Researchers have found evidence that the supermassive black holes at the center of galaxies were actually supernovae that turned into supernovae and black holes.
Scientists from the Japan National Astronomical Observatory and the Cinica Academy of Astrophysics and Astronomy (ASIAA) in Taiwan This result It has been suggested that these black holes may have originated from large supernova supernovae. The researchers published their findings in an article in the journal MNRAS or “Monthly Announcements of the Royal Astronomical Society.”
These ancient stars had masses millions or billions of times the mass of our Sun. Researching and studying black holes is very difficult. As a result, information about their origins is largely beyond the reach of scientists. But with the help of “hydrodynamic simulation of radiation”, this group has been able to obtain evidence in this regard.

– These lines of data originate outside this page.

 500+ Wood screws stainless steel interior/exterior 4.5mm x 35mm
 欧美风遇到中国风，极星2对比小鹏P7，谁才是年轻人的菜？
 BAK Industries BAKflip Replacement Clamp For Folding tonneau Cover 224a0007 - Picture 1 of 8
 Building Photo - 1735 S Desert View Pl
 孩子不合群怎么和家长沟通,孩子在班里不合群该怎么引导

Researchers have predicted in part of their study that the James Webb Space Telescope could see a very large supernova when it launches next year. If that happens, there is strong evidence that superstars have been the source of mass black holes.

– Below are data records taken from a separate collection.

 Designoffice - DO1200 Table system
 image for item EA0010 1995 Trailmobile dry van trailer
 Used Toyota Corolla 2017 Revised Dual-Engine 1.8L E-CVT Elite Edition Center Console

This study is a follow-up to a previous study by Kee-jung Chen, an ASIAA researcher and author of this article. He says supermassive stars may have acted as “seeds of black holes.” Jong Chen claimed in a press release:
“In the early universe, there were probably few primitive stars with masses tens of thousands of times the mass of the Sun. These stars may have been the ancestors of large mass black holes in galaxies. “Because the bigger the black hole seed, the better it could swallow the material around it.”
These massive black holes could easily absorb everything we know and love. But fortunately we will probably never encounter such black holes, and even after the Sun turns into a supernova, such a possibility does not exist. Large mass black holes are at the center of almost all galaxies; The black hole at the center of the Milky Way galaxy has four million solar masses.